Think about it: What if your table saw tried to kill you every time you turned it on? (Oh, wait, that’s what it really does do.) OK, imagine if your table saw’s blade had only two teeth on it. You’d hate that saw. You’d tell your students to avoid it. You’d say it was no way to make furniture.
Fixing this ornery saw takes about five minutes, tops: Remove the old blade and replace it with a sharp one. The same goes for a dull chisel or plane blade. Five minutes on the stones (or strop, if you are so inclined) and you are back to perfect.
But if you are unwilling to take a half-hour lesson and perform a few practice sessions to learn to sharpen, then you are going to be forever left with tools that are frustrating, slow, damaging to the wood and awkward.
And that is – I think – the source of hostility to handwork. It’s not that these naysayers think their machines are so fantastic. It’s that they are unwilling to admit they cannot sharpen at a high level.
This is not a supposition. I’ve concluded this after looking at a lot of people’s edges and comparing it to their work and what they say. (The only outliers to my observation are the few people who really can sharpen, but their public personas are based on bashing handwork – yes, these people exist.)
I say all this because today marks a turning point on this blog. Until today, I avoided writing much about sharpening because it is a sticky wicket. There is more misinformation floating around about sharpening than any other woodworking topic (the topic of finishing is a close second).
I have started a new category on this blog: Sharpen This. Articles in this category will show you how I sharpen every tool in my chest: planes, chisels, scrapers, travishers, scorps, moulding planes, awls, spade bits, screwdrivers and so forth. I’ll also attempt to disarm the consumerist economy that has sprung up to capitalize on our craft’s fear of this simple process.
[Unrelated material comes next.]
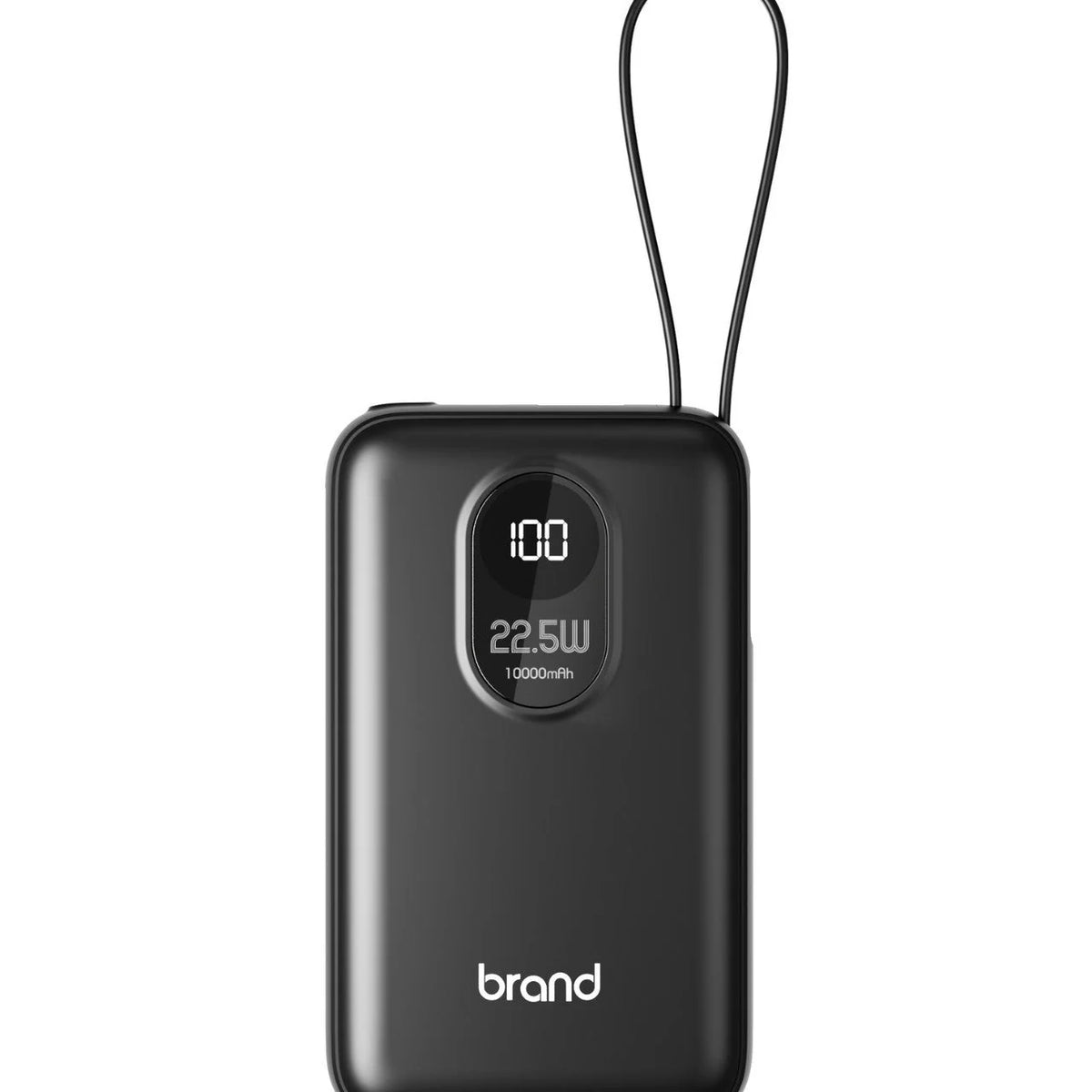 Portable Charger Digital LED & Intelligent Charging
You don’t need a lot of equipment to sharpen. All the systems work. The trick is to pick one system (what I call “sharpening monogamy”) and practice.
And if you are willing to humble yourself before a teacher, admit you cannot sharpen and take a lesson, you can get fixed up with everything you need to know in less than half an hour. (Pro tip: Attend a Lie-Nielsen Hand Tool Event and they will gladly give you a complete and free lesson.)
But if you won’t do this and you continue bash handwork, then I have only two words (and an obscene gesture) for you: Sharpen this.